PROBLEM :: Could each entry below be printed again exactly as given?

INFORMATION ::
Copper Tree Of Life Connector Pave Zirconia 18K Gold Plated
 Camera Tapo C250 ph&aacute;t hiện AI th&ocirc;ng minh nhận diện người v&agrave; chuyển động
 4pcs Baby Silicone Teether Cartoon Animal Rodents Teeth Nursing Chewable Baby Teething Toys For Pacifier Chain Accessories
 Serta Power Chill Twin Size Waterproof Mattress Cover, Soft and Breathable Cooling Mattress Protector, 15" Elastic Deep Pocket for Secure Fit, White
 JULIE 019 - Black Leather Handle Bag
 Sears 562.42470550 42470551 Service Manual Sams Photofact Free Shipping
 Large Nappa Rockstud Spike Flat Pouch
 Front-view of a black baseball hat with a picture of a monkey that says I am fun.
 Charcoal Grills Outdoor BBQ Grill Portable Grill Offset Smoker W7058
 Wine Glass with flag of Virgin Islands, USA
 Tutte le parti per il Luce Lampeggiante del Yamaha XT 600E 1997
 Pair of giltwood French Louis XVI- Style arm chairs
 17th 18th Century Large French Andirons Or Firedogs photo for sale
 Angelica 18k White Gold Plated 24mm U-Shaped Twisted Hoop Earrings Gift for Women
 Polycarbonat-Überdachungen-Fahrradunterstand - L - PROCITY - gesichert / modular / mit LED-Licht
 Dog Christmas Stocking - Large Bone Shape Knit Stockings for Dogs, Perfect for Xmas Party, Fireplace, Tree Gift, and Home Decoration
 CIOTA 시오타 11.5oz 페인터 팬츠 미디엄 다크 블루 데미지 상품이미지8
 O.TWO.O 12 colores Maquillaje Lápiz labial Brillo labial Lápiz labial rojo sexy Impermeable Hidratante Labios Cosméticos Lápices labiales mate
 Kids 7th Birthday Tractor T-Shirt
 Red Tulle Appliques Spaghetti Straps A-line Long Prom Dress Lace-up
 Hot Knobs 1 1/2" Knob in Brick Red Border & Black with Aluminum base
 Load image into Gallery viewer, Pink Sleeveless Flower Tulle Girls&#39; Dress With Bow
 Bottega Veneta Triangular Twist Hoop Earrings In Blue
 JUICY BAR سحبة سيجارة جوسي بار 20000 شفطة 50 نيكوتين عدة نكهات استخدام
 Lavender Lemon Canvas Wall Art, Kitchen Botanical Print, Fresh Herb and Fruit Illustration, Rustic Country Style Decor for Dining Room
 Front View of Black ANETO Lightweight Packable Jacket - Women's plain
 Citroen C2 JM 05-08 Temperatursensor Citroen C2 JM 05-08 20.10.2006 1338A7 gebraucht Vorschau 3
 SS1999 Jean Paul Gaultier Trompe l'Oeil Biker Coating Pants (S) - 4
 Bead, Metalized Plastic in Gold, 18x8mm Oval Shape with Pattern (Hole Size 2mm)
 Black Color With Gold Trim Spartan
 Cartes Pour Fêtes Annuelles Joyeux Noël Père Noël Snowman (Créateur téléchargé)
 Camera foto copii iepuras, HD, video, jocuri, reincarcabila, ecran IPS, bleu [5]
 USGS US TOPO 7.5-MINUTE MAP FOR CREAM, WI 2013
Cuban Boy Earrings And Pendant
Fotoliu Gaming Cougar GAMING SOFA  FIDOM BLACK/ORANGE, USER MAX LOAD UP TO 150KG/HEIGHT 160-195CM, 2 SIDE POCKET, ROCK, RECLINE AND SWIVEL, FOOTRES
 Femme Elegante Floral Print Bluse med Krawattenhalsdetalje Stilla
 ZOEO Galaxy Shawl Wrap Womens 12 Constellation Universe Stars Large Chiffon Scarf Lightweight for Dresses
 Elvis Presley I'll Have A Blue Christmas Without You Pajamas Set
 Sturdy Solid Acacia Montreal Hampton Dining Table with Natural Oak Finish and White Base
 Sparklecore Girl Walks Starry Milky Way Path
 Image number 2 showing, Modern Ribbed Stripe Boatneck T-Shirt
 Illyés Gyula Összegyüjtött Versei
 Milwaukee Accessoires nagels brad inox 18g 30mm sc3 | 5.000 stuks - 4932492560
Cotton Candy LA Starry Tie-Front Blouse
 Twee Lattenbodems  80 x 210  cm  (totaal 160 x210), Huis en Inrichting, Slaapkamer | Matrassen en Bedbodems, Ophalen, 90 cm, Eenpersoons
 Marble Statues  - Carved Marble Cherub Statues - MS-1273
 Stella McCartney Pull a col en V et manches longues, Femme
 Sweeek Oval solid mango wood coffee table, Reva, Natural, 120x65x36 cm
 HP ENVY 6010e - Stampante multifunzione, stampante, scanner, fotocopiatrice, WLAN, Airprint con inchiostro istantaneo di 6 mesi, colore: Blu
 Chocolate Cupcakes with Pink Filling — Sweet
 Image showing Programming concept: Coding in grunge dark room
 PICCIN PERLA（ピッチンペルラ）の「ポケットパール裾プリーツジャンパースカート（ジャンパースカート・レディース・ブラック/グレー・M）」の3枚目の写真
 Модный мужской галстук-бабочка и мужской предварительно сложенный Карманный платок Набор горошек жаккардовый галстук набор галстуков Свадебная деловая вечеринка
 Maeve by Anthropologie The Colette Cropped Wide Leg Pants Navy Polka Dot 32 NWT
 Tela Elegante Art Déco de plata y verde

ANSWER SPACE ::
Copper Tree Of Life Connector Pave Zirconia 18K Gold Plated
 Camera Tapo C250 ph&aacute;t hiện AI th&ocirc;ng minh nhận diện người v&agrave; chuyển động
 4pcs Baby Silicone Teether Cartoon Animal Rodents Teeth Nursing Chewable Baby Teething Toys For Pacifier Chain Accessories
 Serta Power Chill Twin Size Waterproof Mattress Cover, Soft and Breathable Cooling Mattress Protector, 15" Elastic Deep Pocket for Secure Fit, White
 JULIE 019 - Black Leather Handle Bag
 Sears 562.42470550 42470551 Service Manual Sams Photofact Free Shipping
 Large Nappa Rockstud Spike Flat Pouch
 Front-view of a black baseball hat with a picture of a monkey that says I am fun.
 Charcoal Grills Outdoor BBQ Grill Portable Grill Offset Smoker W7058
 Wine Glass with flag of Virgin Islands, USA
 Tutte le parti per il Luce Lampeggiante del Yamaha XT 600E 1997
 Pair of giltwood French Louis XVI- Style arm chairs
 17th 18th Century Large French Andirons Or Firedogs photo for sale
 Angelica 18k White Gold Plated 24mm U-Shaped Twisted Hoop Earrings Gift for Women
 Polycarbonat-Überdachungen-Fahrradunterstand - L - PROCITY - gesichert / modular / mit LED-Licht
 Dog Christmas Stocking - Large Bone Shape Knit Stockings for Dogs, Perfect for Xmas Party, Fireplace, Tree Gift, and Home Decoration
 CIOTA 시오타 11.5oz 페인터 팬츠 미디엄 다크 블루 데미지 상품이미지8
 O.TWO.O 12 colores Maquillaje Lápiz labial Brillo labial Lápiz labial rojo sexy Impermeable Hidratante Labios Cosméticos Lápices labiales mate
 Kids 7th Birthday Tractor T-Shirt
 Red Tulle Appliques Spaghetti Straps A-line Long Prom Dress Lace-up
 Hot Knobs 1 1/2" Knob in Brick Red Border & Black with Aluminum base
 Load image into Gallery viewer, Pink Sleeveless Flower Tulle Girls&#39; Dress With Bow
 Bottega Veneta Triangular Twist Hoop Earrings In Blue
 JUICY BAR سحبة سيجارة جوسي بار 20000 شفطة 50 نيكوتين عدة نكهات استخدام
 Lavender Lemon Canvas Wall Art, Kitchen Botanical Print, Fresh Herb and Fruit Illustration, Rustic Country Style Decor for Dining Room
 Front View of Black ANETO Lightweight Packable Jacket - Women's plain
 Citroen C2 JM 05-08 Temperatursensor Citroen C2 JM 05-08 20.10.2006 1338A7 gebraucht Vorschau 3
 SS1999 Jean Paul Gaultier Trompe l'Oeil Biker Coating Pants (S) - 4
 Bead, Metalized Plastic in Gold, 18x8mm Oval Shape with Pattern (Hole Size 2mm)
 Black Color With Gold Trim Spartan
 Cartes Pour Fêtes Annuelles Joyeux Noël Père Noël Snowman (Créateur téléchargé)
 Camera foto copii iepuras, HD, video, jocuri, reincarcabila, ecran IPS, bleu [5]
 USGS US TOPO 7.5-MINUTE MAP FOR CREAM, WI 2013
Cuban Boy Earrings And Pendant
Fotoliu Gaming Cougar GAMING SOFA  FIDOM BLACK/ORANGE, USER MAX LOAD UP TO 150KG/HEIGHT 160-195CM, 2 SIDE POCKET, ROCK, RECLINE AND SWIVEL, FOOTRES
 Femme Elegante Floral Print Bluse med Krawattenhalsdetalje Stilla
 ZOEO Galaxy Shawl Wrap Womens 12 Constellation Universe Stars Large Chiffon Scarf Lightweight for Dresses
 Elvis Presley I'll Have A Blue Christmas Without You Pajamas Set
 Sturdy Solid Acacia Montreal Hampton Dining Table with Natural Oak Finish and White Base
 Sparklecore Girl Walks Starry Milky Way Path
 Image number 2 showing, Modern Ribbed Stripe Boatneck T-Shirt
 Illyés Gyula Összegyüjtött Versei
 Milwaukee Accessoires nagels brad inox 18g 30mm sc3 | 5.000 stuks - 4932492560
Cotton Candy LA Starry Tie-Front Blouse
 Twee Lattenbodems  80 x 210  cm  (totaal 160 x210), Huis en Inrichting, Slaapkamer | Matrassen en Bedbodems, Ophalen, 90 cm, Eenpersoons
 Marble Statues  - Carved Marble Cherub Statues - MS-1273
 Stella McCartney Pull a col en V et manches longues, Femme
 Sweeek Oval solid mango wood coffee table, Reva, Natural, 120x65x36 cm
 HP ENVY 6010e - Stampante multifunzione, stampante, scanner, fotocopiatrice, WLAN, Airprint con inchiostro istantaneo di 6 mesi, colore: Blu
 Chocolate Cupcakes with Pink Filling — Sweet
 Image showing Programming concept: Coding in grunge dark room
 PICCIN PERLA（ピッチンペルラ）の「ポケットパール裾プリーツジャンパースカート（ジャンパースカート・レディース・ブラック/グレー・M）」の3枚目の写真
 Модный мужской галстук-бабочка и мужской предварительно сложенный Карманный платок Набор горошек жаккардовый галстук набор галстуков Свадебная деловая вечеринка
 Maeve by Anthropologie The Colette Cropped Wide Leg Pants Navy Polka Dot 32 NWT
 Tela Elegante Art Déco de plata y verde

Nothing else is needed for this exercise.